First of all, "protecting the calling program" is not really accomplished because the loaded file may still do this
class ::C # defines ::C regardless of the second argument
end
Another example, if the caller defines a module M
, then the loaded program can also define things in M
:
class M::C # defines ::M::C regardless of the second argument
end
It does not even need a leading ::
.
So, the "protection" is not really there.
In addition to that, this is not transparent for the code being loaded either. For example, let's take this program:
class A
end
module X
::A # could be needed if your own lookup had an A somewhere you want to skip
end
the Ruby programmer expects that to work. But with this feature, on paper, nobody knows if it wil work. How can you ship code confidently?
So, the documentation should say:
It kind of protects, but not really. Also, the loaded file may not work as expected, or may not even be loadable at all.
That hypothetical documentation suggests to me it would be worth revisiting this feature.
In Ruby, as it is today, things are global. The language does not have features to really isolate code as containers do, for example.
I believe the 2nd argument to Kernel#load
steers the API in a direction that is not consistent with the language, and provides a feature that is only partial and cannot satisfy what it promises.
I'd be in favor of deprecating and eventually removing this API.
Updated by rubyFeedback (robert heiler) about 1 year ago
Just two short things:
-
I believe it should be assessed whether this proposed change may
affect existing gems and ruby devs, e. g. how many make use of this
feature. Personally it would not affect me as I do not use the second
parameter to load() (and I use require most of the time, anyway), but
it may affect ruby devs, so that should be included in the suggestion
as a potential trade-off (e. g. folks having to modify their code). -
fxn wrote:
So, the documentation should say:
"It kind of protects, but not really"
I think this change would be problematic, because other ruby users
could wonder what this means, e. g. "it kind of protects, but not
really". This would be confusing to some people and I don't think this
is a good change to the documentation. It would kind of be similar to
this as an extreme example:
"Flowers are plants, but not really."
So the documentation should not be internally inconsistent here.
Updated by fxn (Xavier Noria) about 1 year ago
Sure, it is public API, so the possibility of people using it is a given. I don't think this is used widely, but anyway, that is why my suggestion includes a deprecation cycle.
I don't think this is a good change to the documentation
That is the point. That documentation was an hypothetical exercise only, not a proposal.
It is a reductio ad absurdum argument.
Documentation has to describe the feature.

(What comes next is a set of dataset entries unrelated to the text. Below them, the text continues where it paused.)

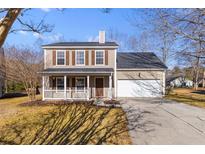 Two-story house with attached garage and lawn at 407 Burton Ave, Summerville, SC 29485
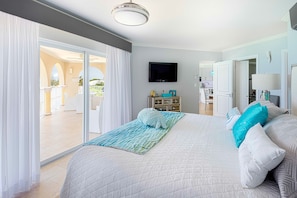 The master bedroom has stunning ocean views through the large double sliding doors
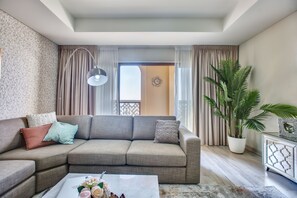 Appartement supérieur, 3 chambres, vue sur la mer, en face de la plage | Aire de séjour | Téléviseur connecté de 65 po avec télévision par satellite, téléviseur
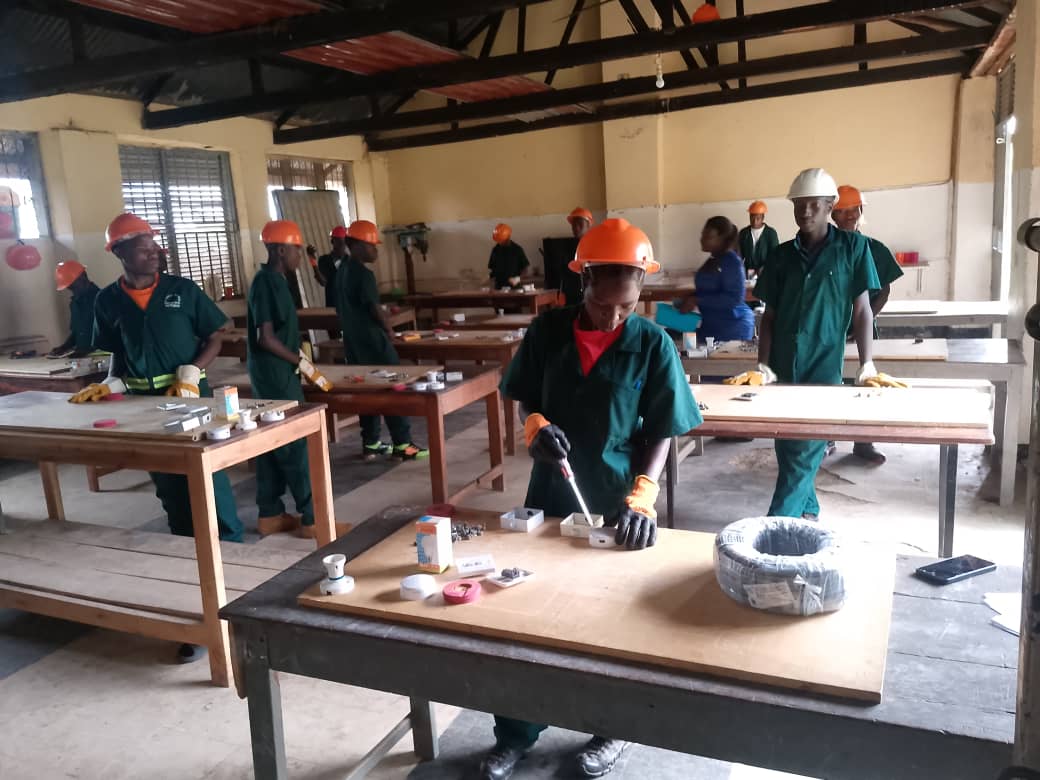 Youth practicing solar panel mounting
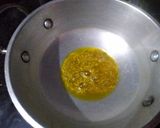 A picture of step 4 of Khatte meethe Amla.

The current feature is not fully described today, it would need to be extended with those remarks. The remarks do not sound good at all. Therefore, the feature itself is dubious.
Updated by jeremyevans0 (Jeremy Evans) about 1 year ago
@fxn (Xavier Noria) is correct that module wrapping offers no protection. We should remove the "protecting the calling program’s global namespace" part. However, the other parts of the documentation are accurate. Just because you are wrapping code in a module doesn't protect the code:
module M
class ::C; end
class A::B; end
end
@fxn (Xavier Noria), assuming we remove the part related to protection, do you still believe we need to add other remarks? It seems to me we do not have any issues if we remove the part about protection, because the part about module wrapping seems easy to understand.
Updated by fxn (Xavier Noria) about 1 year ago
@jeremyevans0 (Jeremy Evans) We certainly could consider that.
Perhaps instead of "protect", the documentation could say what is exactly doing. Like, "pushes the module to the nesting, and changes where top-level methods are defined". This written in a more precise way, perhaps.
However, we still have the lack of transparency. Which is the nesting in your program? Well, it is out of your control! How can you program without knowing which is your nesting?
That is what the last example shows:
class A
end
module X
::A # could be needed if your own lookup had an A somewhere you want to skip
end
That program would run normally, but fail if loaded with load program, true
.
One way to smooth that out could be: "You cannot load arbitrary code and hope it works. Using this feature needs coordination with the loaded file" (off the top of my head too, wording to be polished).
I don't know if that is desirable as a feature, though. What do you think?
Updated by fxn (Xavier Noria) about 1 year ago
Let me add that example with ::A
is just one way to illustrate lack of transparency.
There are many others, for example:
class String # expected to reopen ::String
def foo
end
end
"".foo # expected to work
That program works normally, but raises NoMethodError
if loaded with load program, true
.
Bottom line is, the moment you unilaterally change the nesting to the loaded file, all kind of unexpected things may happen because the assumptions of the programmer of that file do not hold anymore (unless there is coordination).
This cannot be transparent. It is just a matter of looking for the consequences of losing your control over the nesting.
Updated by fxn (Xavier Noria) about 1 year ago
And to help people not familiar with nesting and the constant resolution algorithms explore the ramifications, another example that looks even more innocent:
X = 1
class C
X = 2
end
class D < C
p X
end
That program prints 1 or 2, depending on the second argument of Kernel#load
. This is so because the lookup first checks the nesting, and you lost control of the nesting.
Lack of "protection" in the caller, and lack of transparency in the callee, is what makes me suggest to reconsider this API.
Updated by kjtsanaktsidis (KJ Tsanaktsidis) about 1 year ago
Because of the reasons you identify, Kernel#load
is absolutely not some kind of general module containerisation feature (of the kind perhaps envisaged by https://bugs.ruby-lang.org/issues/19744). But I think it does have a limited use-case for loading particular scripts which are known to pollute the global namespace by accident in an undesirable way.
Although as I write this, I realise Ruby already has this functionality:
irb(main):001> File.read('broken_script.rb')
=> "X = 8\n"
irb(main):002> broken_toplevel_binding = Module.new.tap { _1.class_eval File.read('broken_script.rb') }
=> #<Module:0x00000001048bdf30>
irb(main):003> X
(irb):3:in `<main>': uninitialized constant X (NameError)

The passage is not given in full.